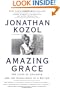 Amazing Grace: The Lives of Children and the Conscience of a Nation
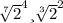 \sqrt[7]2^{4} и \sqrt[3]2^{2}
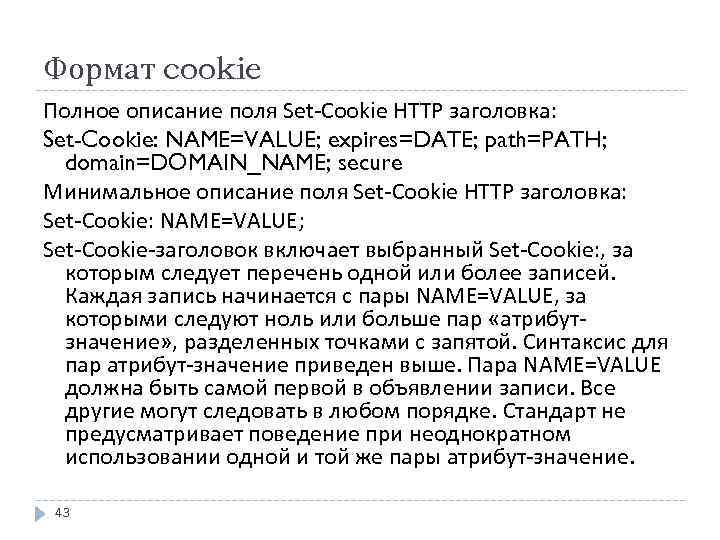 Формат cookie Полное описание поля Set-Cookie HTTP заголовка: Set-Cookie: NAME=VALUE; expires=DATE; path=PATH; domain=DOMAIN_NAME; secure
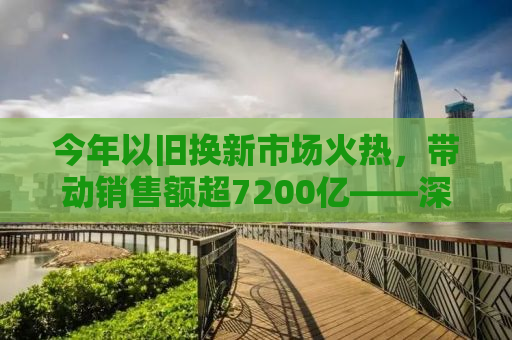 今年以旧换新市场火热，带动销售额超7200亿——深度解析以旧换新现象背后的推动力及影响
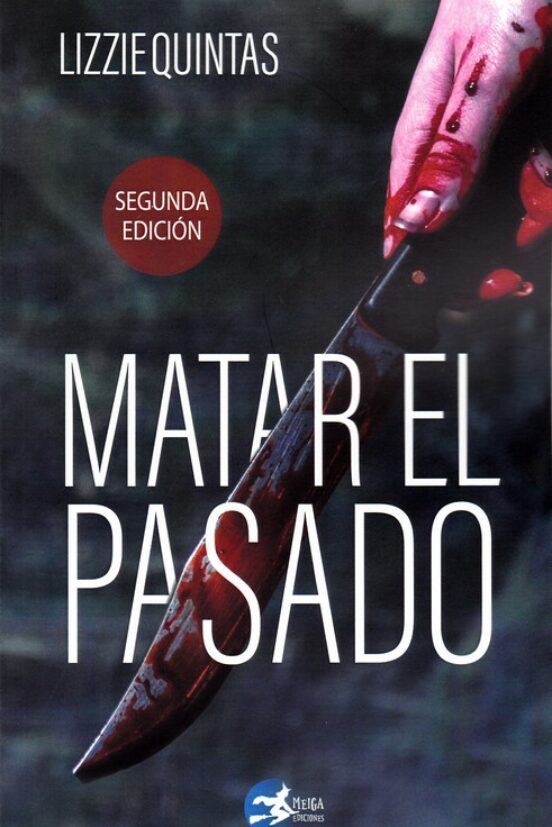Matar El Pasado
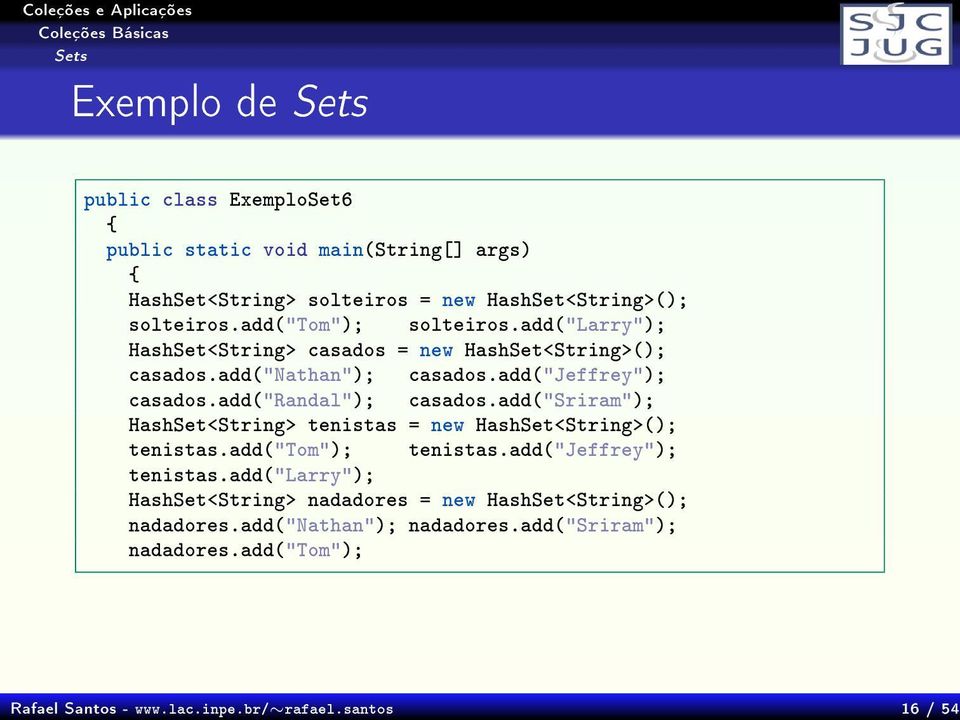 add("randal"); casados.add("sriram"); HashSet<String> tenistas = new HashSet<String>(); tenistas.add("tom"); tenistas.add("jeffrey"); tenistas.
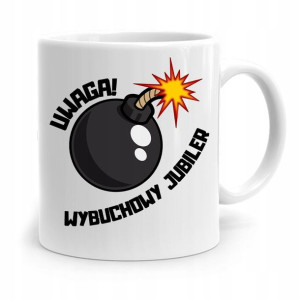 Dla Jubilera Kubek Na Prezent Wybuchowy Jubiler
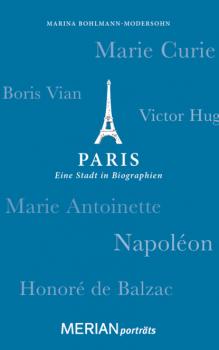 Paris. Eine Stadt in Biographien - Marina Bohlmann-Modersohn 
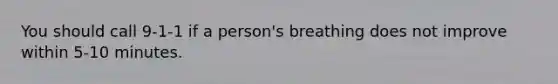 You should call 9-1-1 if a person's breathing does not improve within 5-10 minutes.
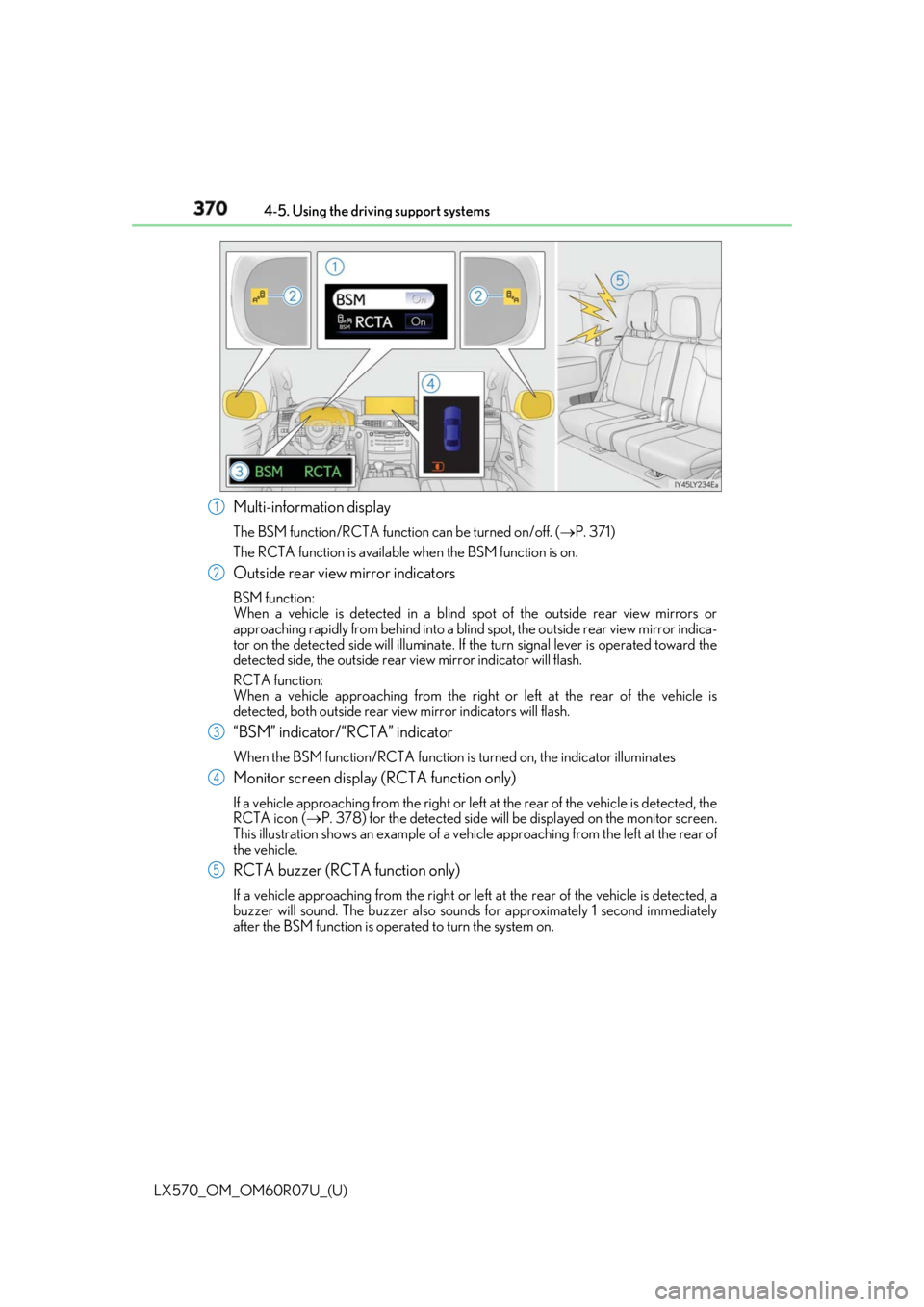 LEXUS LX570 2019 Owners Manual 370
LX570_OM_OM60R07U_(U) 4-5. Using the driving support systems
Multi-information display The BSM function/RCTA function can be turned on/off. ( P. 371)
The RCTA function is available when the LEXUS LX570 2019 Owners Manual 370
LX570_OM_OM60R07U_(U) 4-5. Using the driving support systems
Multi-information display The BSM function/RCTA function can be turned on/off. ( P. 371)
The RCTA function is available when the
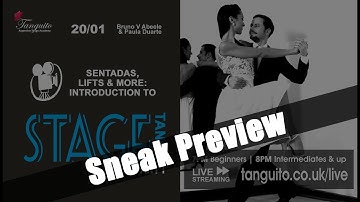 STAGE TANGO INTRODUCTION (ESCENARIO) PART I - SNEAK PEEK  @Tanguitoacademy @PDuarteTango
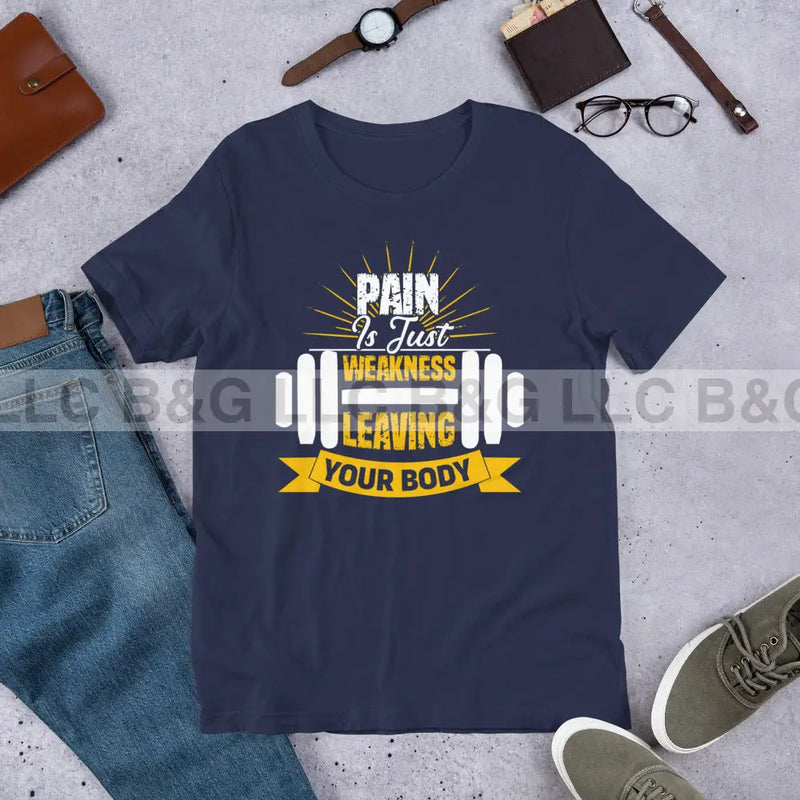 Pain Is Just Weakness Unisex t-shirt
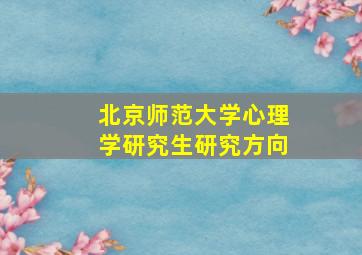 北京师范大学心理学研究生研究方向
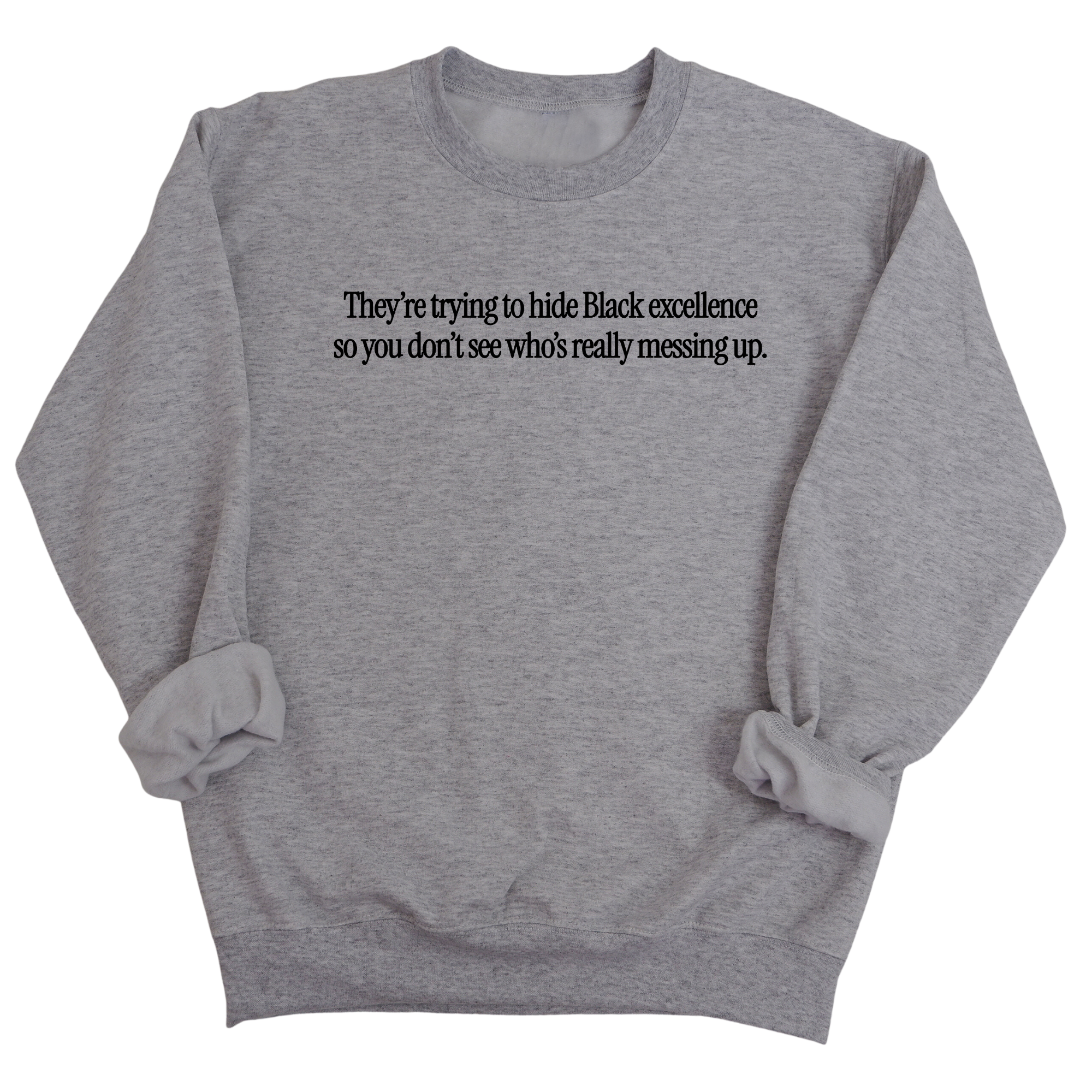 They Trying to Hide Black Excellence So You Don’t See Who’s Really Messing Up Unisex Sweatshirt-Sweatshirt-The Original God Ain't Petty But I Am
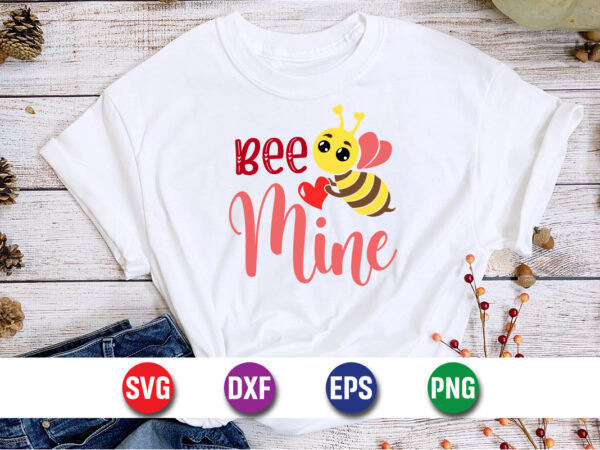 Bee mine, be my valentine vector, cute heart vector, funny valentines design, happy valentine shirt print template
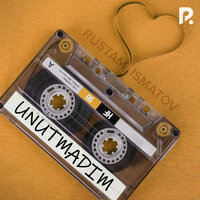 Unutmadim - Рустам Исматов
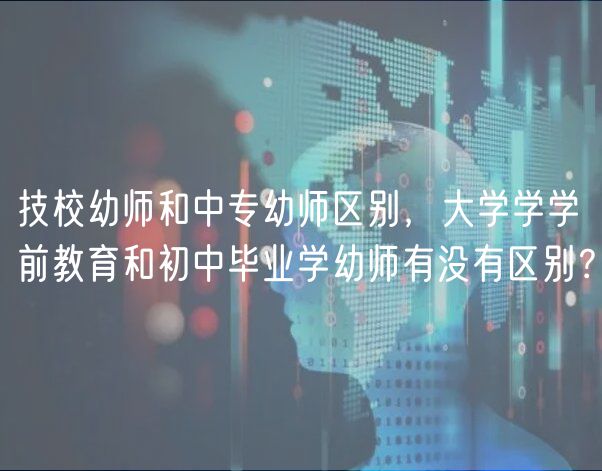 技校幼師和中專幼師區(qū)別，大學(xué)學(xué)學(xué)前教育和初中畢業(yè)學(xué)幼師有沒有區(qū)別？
........
### The task
Keep only those lines of the records that hold "RCTA", and return them.

### Result
Multi-information display The BSM function/RCTA function can be turned on/off. ( P. 371)
The RCTA function is available when the LEXUS LX570 2019 Owners Manual 370
Multi-information display The BSM function/RCTA function can be turned on/off. ( P. 371)
The RCTA function is available when the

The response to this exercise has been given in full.